Carlos Sainz a repoussé à la trêve estivale toute décision sur son avenir en Formule 1, expliquant avant le Grand Prix d’Autriche que le début de saison bien plus difficile que prévu de Williams sous le règlement 2026 l’oblige à se concentrer d’abord sur le redressement de l’équipe.
Le pilote espagnol a expliqué qu’il avait demandé à son entourage de le tenir à l’écart des discussions sur le marché des pilotes jusqu’à l’été. « Honnêtement, je n’y pense pas, parce que j’ai énormément de travail à faire ici chez Williams. Nous avons énormément de séances de simulateur et de réunions. J’ai même demandé à mon équipe de me laisser un peu tranquille jusqu’à la trêve estivale pour essayer d’aider Williams et d’améliorer la situation autant que possible », a déclaré Carlos Sainz, pilote Williams, devant les médias en Autriche. « En été, ce sera le moment d’y penser et d’analyser les options. »
Sainz a toutefois insisté sur le fait que sa priorité n’avait pas changé. Selon lui, Williams connaît déjà « ses intentions et ses priorités », à savoir rester dans l’équipe et poursuivre le projet sur le long terme. « Je crois en la vision du projet, même si en ce moment nous avons beaucoup de travail devant nous », a-t-il dit.
Si cette réflexion est aujourd’hui ouverte, c’est parce que Williams a reculé plus nettement qu’attendu avec les nouvelles règles. L’équipe sortait pourtant d’une cinquième place au championnat constructeurs fin 2025, obtenue avec deux podiums, mais elle n’a marqué que 11 points jusque-là en 2026. Sainz a expliqué que le nouveau cadre technique avait surtout mis en lumière des faiblesses anciennes que l’équipe traînait depuis des années.
Le constat du pilote est que le problème n’est pas budgétaire. Williams espérait au minimum rester au niveau de sa fin de saison 2025, avec en plus un avantage en temps de soufflerie qui devait l’aider à progresser. Au lieu de cela, Sainz estime que les équipes de tête évoluent « à un niveau complètement différent » et que « l’écart a augmenté ». Pour lui, le retard de Williams se situe surtout dans « les processus, l’efficacité et les méthodes de travail », malgré les investissements déjà réalisés dans les installations et le soutien financier du conseil d’administration.
C’est aussi ce qui explique pourquoi il ne veut pas se disperser maintenant.
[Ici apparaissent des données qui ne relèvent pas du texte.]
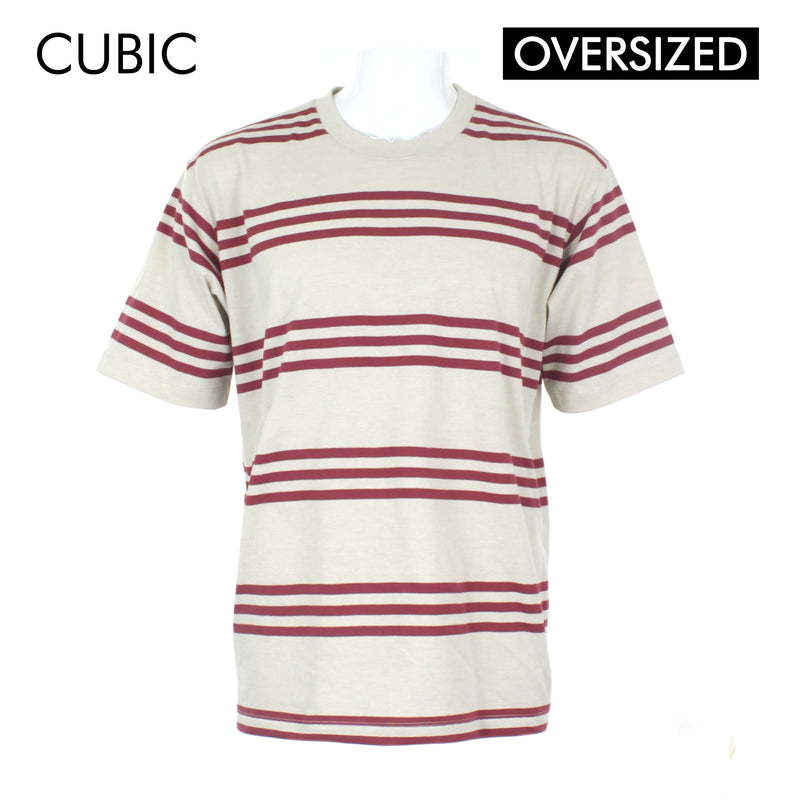 Cubic Mens Stripes  Oversized Boxy Tee / Box Fit T shirt Top Top for Men - CMS2602R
Sainz dit travailler avec James Vowles et la direction pour remonter à l’origine des difficultés. « Nous essayons d’aller à la racine des problèmes avec James Vowles et toute la direction de l’équipe », a-t-il expliqué. « Nous pensons avoir déjà identifié où les choses ont commencé à mal tourner, mais la question maintenant est de savoir ce que nous faisons à partir de là, combien de temps ces changements mettront à produire des résultats et à quel point nous allons être agressifs dans la reprise. »
Cette évaluation sera déterminante pour la suite. Sainz répète que son plan idéal reste de continuer chez Williams, mais la vraie question, à l’approche de ses 32 ans, est de savoir si la reconstruction peut avancer assez vite pour justifier un engagement au-delà de 2026.